When you reproduce the data, keep every word exactly as it stands and leave the pictures out.

DATA SECTION: Begin

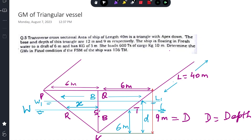Hello everyone, welcome back. Today I have picked up a question from the past papers on the Chief Mate Phase One exam. The question is about finding GM fluid of a triangular vessel. Let's see what the question is and how we attempt this kind of question.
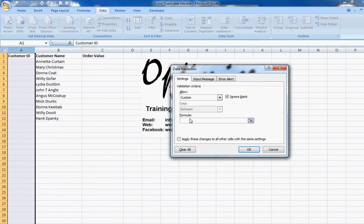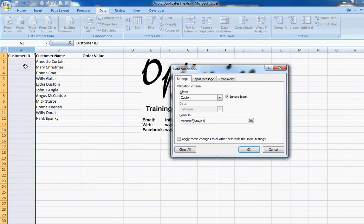I click on Custom and a formula box appears. I'm going to type in my COUNTIF formula: equals COUNTIF, open bracket, select all of column A, comma, then select cell A1, close bracket, equals 1. What this means is that if the count of that particular value already equals 1, it will flag up with an error message.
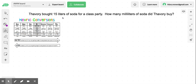So for this problem, we have Talvary, and she bought 15 liters of soda for a class party. How many milliliters of soda did Talvary buy? Our important information is that Talvary originally bought 15 liters of soda, and we want to convert liters into milliliters.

DATA SECTION: End

= OUTPUT BELOW =
Hello everyone, welcome back. Today I have picked up a question from the past papers on the Chief Mate Phase One exam. The question is about finding GM fluid of a triangular vessel. Let's see what the question is and how we attempt this kind of question.
I click on Custom and a formula box appears. I'm going to type in my COUNTIF formula: equals COUNTIF, open bracket, select all of column A, comma, then select cell A1, close bracket, equals 1. What this means is that if the count of that particular value already equals 1, it will flag up with an error message.
So for this problem, we have Talvary, and she bought 15 liters of soda for a class party. How many milliliters of soda did Talvary buy? Our important information is that Talvary originally bought 15 liters of soda, and we want to convert liters into milliliters.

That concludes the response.